The bearded black sergeant came in with some uniformed officers, one of whom carried a 30.06 rifle with a mounted scope. “Nice shooting,” Alderdyce told him, hanging up.
“What’s your name?”
“Officer Carl Breen, Lieutenant.” He spelled it.
“Okay.”
I let go of my arm and wiped the blood off my hand with my handkerchief and got out my wallet, counting out two hundred and fifty dollars, which I held out to Rena. “My day rate’s two-fifty.”
She was sitting up now, looking at the money. “Why’d you ask for five hundred?”
“You had your mind made up about me. It saved a speech.”
“Keep it. You earned it and a lot more than I can pay.”
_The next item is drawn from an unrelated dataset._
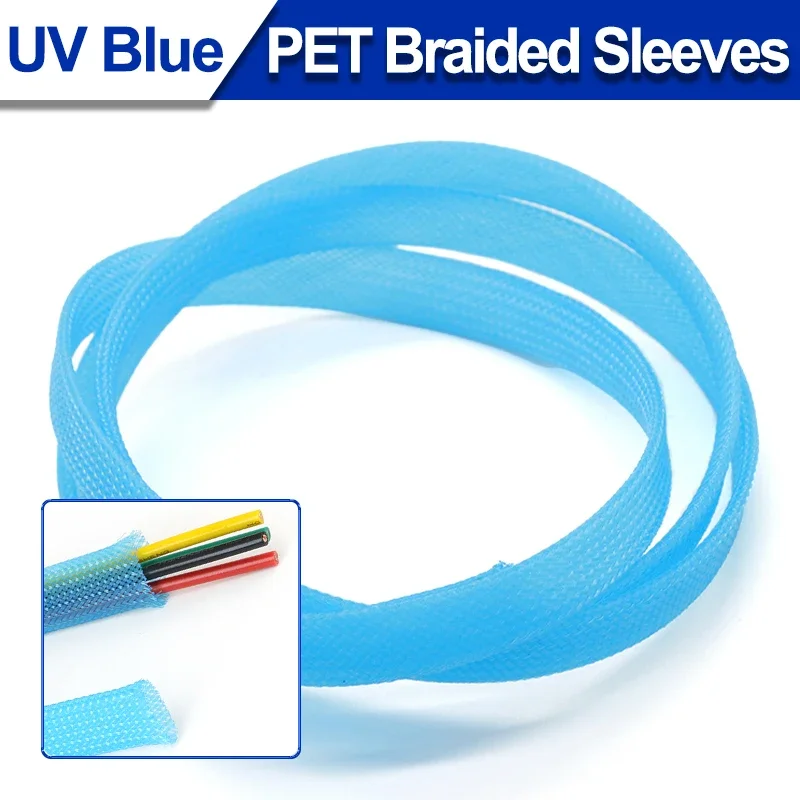 UV Blue PET Braid Sleeve 2/4/6/8/10/12/14/16/20/25/30/40mm High Density Protect Snake Skin Wrap Sheath For Electric Cables 1~50M
UV Blue PET Braid Sleeve 2/4/6/8/10/12/14/16/20/25/30/40mm High Density Protect Snake Skin Wrap Sheath For Electric Cables 1~50M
I folded the bills and stuck them inside the outer breast pocket of her navy jacket. “I’d just blow it on cigarettes and whisky.”
“Who’s the broad?” demanded the sergeant.
I thought of telling him that’s what a Dulcinea was, but the joke was old. We waited for the ambulance.
The surviving gunman’s name was Richard Bledsoe. He had two priors in the Detroit area for ADW, one conviction, and after he was released from the hospital into custody he turned state’s evidence and convicted Fred Demarco on two counts of conspiracy to commit murder. DeMarco’s appeal is still pending. The dead man went by Austin Grant and had done seven years in San Quentin for second degree homicide knocked down from Murder One. The Detroit Police worked a deal with the Justice Department and got Rena Murrow relocation and a new identity to shield her from DeMarco’s friends. I never saw her again.